В воздухе чувствовалась истома бабьего лета, когда мы поднимались по заливу в октябре прошлого года, что, казалось, располагало к отдыху; однако как только мы ступили на родной причал и вдохнули полной грудью домашний воздух, все наше обретенное спокойствие исчезло. Люди, которые десять дней назад (в конце путешествия) сидели бы довольные в зале ожидания, пока их багаж сортировали неторопливые чиновники, теперь нервно суетятся, изводя таможенников и подгоняя носильщиков, как будто экономия следующих получаса — главная цель существования.

Учитывая, насколько мы, американцы, расточительны в других отношениях, кажется странным, что мы так экономны во времени! Однако бороться с течением или пытаться сдержать себя было бесполезно. Не прошло и десяти минут на берегу, как старое, знакомое, неприятное ощущение спешки овладело мной! Оно было непреодолимым и всепроникающим; от движений толпы на улицах до свистка портовых буксиров — все дышало спешкой. Даже у собак, по-видимому, не было времени слоняться без дела, они носились так, будто опаздывали на свои встречи.

Переезд с причала в отель был похож на визит в новый круг «Ада», где поезда вечно грохочут над головой, а канатные трамваи скользят и блокируют путь вокруг бледнолицей толпы проклятых, которые вынуждены в искупление своих грехов вечно спешить к недостижимой цели.

Любопытное проклятие пало на наш народ; действует «влияние», которое заставляет нас пытаться сделать за час вдвое больше, чем можно выполнить за шестьдесят минут. «Делай как можно лучше, — шепчет «влияние», — но делай это быстро!» Этот девиз можно было бы выгравировать на фасадах наших домов и деловых зданий.

Именно из-за этого нового стандарта быстрота в сделке на Уолл-стрит ценится больше, чем точность деталей. Брокер сегодня получит больше признания за то, что принял и выполнил заказ для Чикаго и вернул ответ в течение шести минут, чем за любую тщательную работу.
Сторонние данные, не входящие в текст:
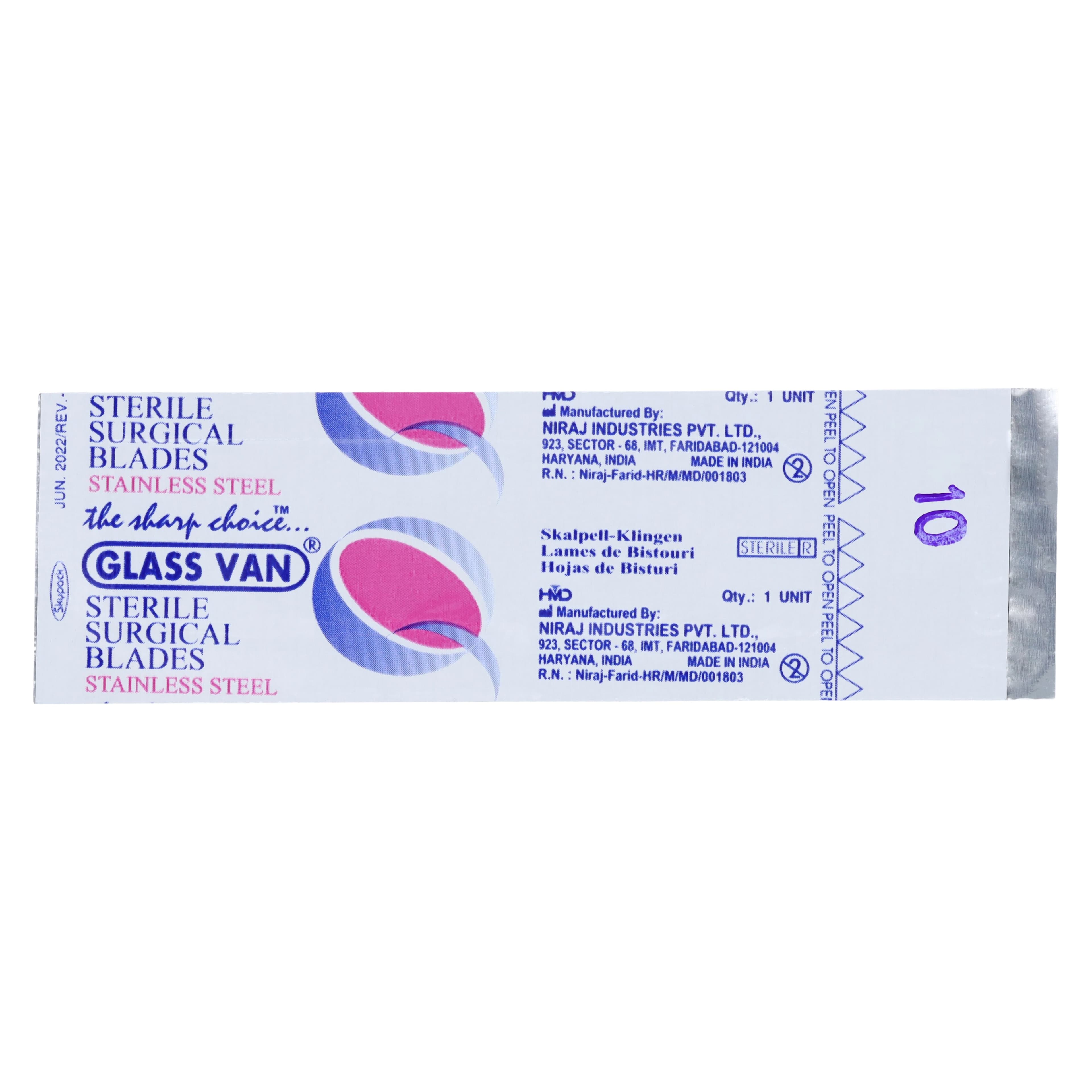 Myco Medical Glassvan Stainless Steel Surgical Blade #10, Sterile, 100/Box, 3001T-10 thumbnail 3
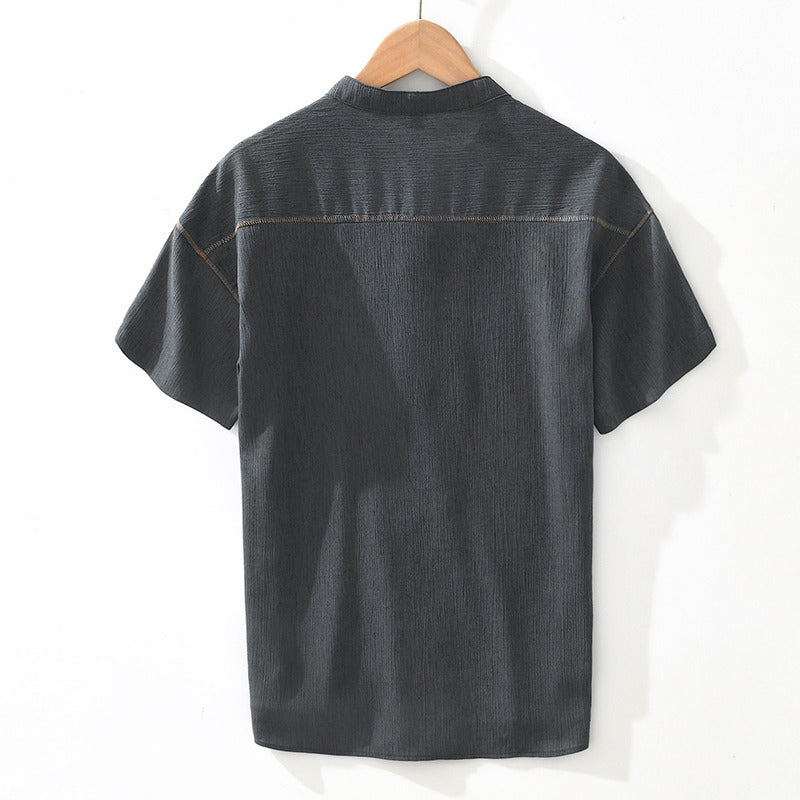 Linen Ramie Half-Open Short-Sleeved Shirt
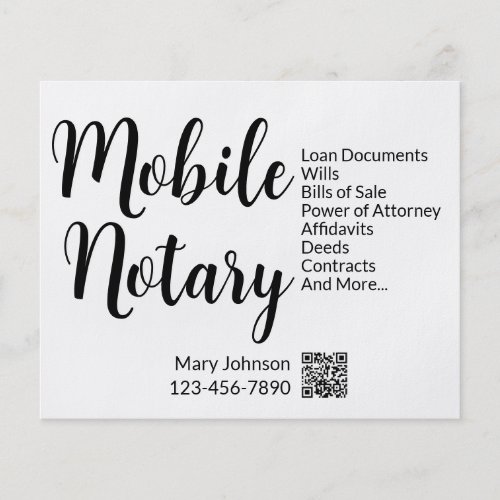 Mobile Notary Services Phone Number QR Code Flyer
Заказ мог быть плохо выполнен, а детали перепутаны, но зато будет быстрота исполнения, которой можно похвастаться.

Молодой человек, который рассчитывает преуспеть в бизнесе сегодня, должен быть «пробивным», иметь манеру общения «на бегу», пользоваться скоростным транспортом, понимать стенографию и питаться на «беглых завтраках».

Недавно меня привели в одно из таких заведений для «быстрого обеда», как, я полагаю, звучит правильная фраза, чтобы поесть гречневых блинов (и они были очень хороши), и у меня была возможность изучить повадки современного экономящего время молодого человека.

У него есть привычка при входе бросаться к меню и делать заказ (если он достаточно ловок, чтобы поймать одну из официанток на лету), прежде чем снять пальто или шляпу. По крайней мере пятнадцать секунд можно сэкономить таким образом. Сев за стол, обедающий набрасывается на все, что под рукой: хлеб, салат из капусты, крекеры или кетчуп. Когда заказанное блюдо прибывает, он вонзает в него вилку, как только оно появляется у него за плечом, и очищает тарелку до того, как появляется соус, так что его едят отдельно или с хлебом.

Чашки кофе или чая проглатываются в два глотка. Маленькие стопки блинов разрезаются на четвертинки и исчезают за четыре укуса, почти как дети в глотке людоеда в механической игрушке, причем пережевывание либо является утраченным искусством, либо считается глупой тратой энергии.

По-настоящему опытный обедающий может проглотить свою последнюю четвертинку блинов, втиснуться в пальто и оплатить счет на стойке в один и тот же момент. В следующую секунду он уже бежит по кварталу в погоне за удаляющимся трамваем.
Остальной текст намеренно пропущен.